Lower case letter ordering issues of the same day.

Type:

str

journal

Newspaper unique identifier or name.

Type:

str

path

Path to directory containing the issue’s OCR data.

Type:

str

date

Publication date of issue.

Type:

datetime.date

issue_data

Issue data according to canonical format.

Type:

dict[str, Any]

pages

list of NewspaperPage instances from this issue.

Type:

list

rights

Access rights applicable to this issue.

Type:

str

image_properties

metadata allowing to convert region OCR/OLR coordinates to iiif format compliant ones.

Type:

dict[str, Any]

ark_id

Issue ARK identifier, for the issue’s pages’ iiif links.

Type:

int

property xml: BeautifulSoup

Read Mets XML file of the issue and create a BeautifulSoup object.

During the processing, some IO errors can randomly happen when listing the contents of the directory, or opening files, preventing the correct parsing of the issue. The error is raised after the third try. If the directory does not contain any Mets file, only try once.

Note

By default the issue Mets file is the only file containing mets.xml in its file name and located in the directory self.path. Individual importers can overwrite this behavior if necessary.

Returns:

BeautifulSoup object with Mets XML of the issue.

Return type:

BeautifulSoup

class text_preparation.importers.mets_alto.classes.MetsAltoNewspaperPage(_id: str, number: int, filename: str, basedir: str, encoding: str = 'utf-8')

Newspaper page in generic Alto format.

Note

New Mets/Alto importers should sub-classes this class and implement its abstract methods (i.e. add_issue()).

Parameters:
  • _id (str) – Canonical page ID.

  • number (int) – Page number.

  • filename (str) – Name of the Alto XML page file.

  • basedir (str) – Base directory where Alto files are located.

  • encoding (str, optional) – Encoding of XML file. Defaults to ‘utf-8’.

id

Canonical Page ID (e.g. GDL-1900-01-02-a-p0004).

Type:

str

number

Page number.

Type:

int

page_data

Page data according to canonical format.

Type:

dict[str, Any]

issue

Issue this page is from.

Type:

NewspaperIssue

filename

Name of the Alto XML page file.

Type:

str

basedir

Base directory where Alto files are located.

Type:

str

encoding

Encoding of XML file.

Type:

str, optional

abstract add_issue(issue: NewspaperIssue) None

Add to a page object its parent, i.e. the newspaper issue.

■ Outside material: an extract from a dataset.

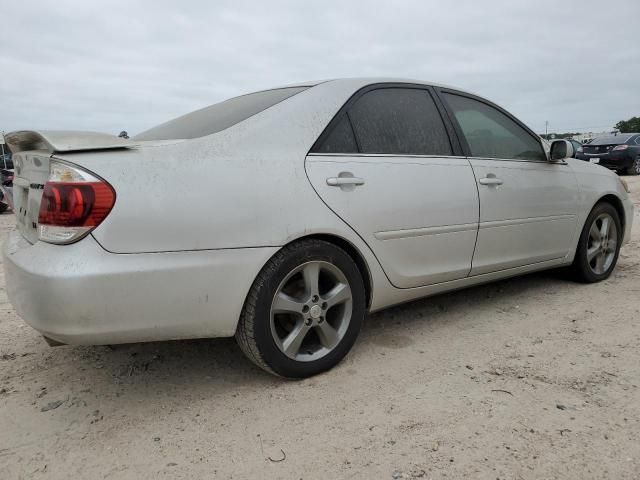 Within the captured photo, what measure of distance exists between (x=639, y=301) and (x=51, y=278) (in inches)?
146

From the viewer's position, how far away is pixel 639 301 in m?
3.60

This allows each page to preserve contextual information coming from the newspaper issue.

Parameters:

issue (NewspaperIssue) – Newspaper issue containing this page.

parse() None

Process the page XML file and transform into canonical Page format.

Note

This lazy behavior means that the page contents are not processed upon creation of the page object, but only once the parse() method is called.

property xml: BeautifulSoup

Read Alto XML file of the page and create a BeautifulSoup object.

Returns:

BeautifulSoup object with Alto XML of the page.

Return type:

BeautifulSoup

Mets parsing

Utility functions to parse Mets XML files.

text_preparation.importers.mets_alto.mets.get_dmd_sec(mets_doc: BeautifulSoup, _filter: str) Tag

Extract the contents of a specific <dmdsec> from the Mets document.

The <dmdsec> section contains descriptive metadata. It’s composed of several different subsections each identified with string IDs.

Parameters:
  • mets_doc (BeautifulSoup) – BeautifulSoup object of Mets XML document.

  • _filter (str) – ID of the subsection of interest to filter the search.

Returns:

Contents of the desired <dmdsec> of the Mets XML document.

Return type:

Tag

text_preparation.importers.mets_alto.mets.parse_mets_amdsec(mets_doc: BeautifulSoup, x_res: str, y_res: str, x_res_default: int = 300, y_res_default: int = 300) dict

Parse the <amdsec> section of Mets XML to extract image properties.

The <amdsec> section contains administrative metadata about the OCR, in particular information about the image resolution allowing the coordinates conversion to iiif format.

Parameters:
  • mets_doc (BeautifulSoup) – BeautifulSoup object of Mets XML document.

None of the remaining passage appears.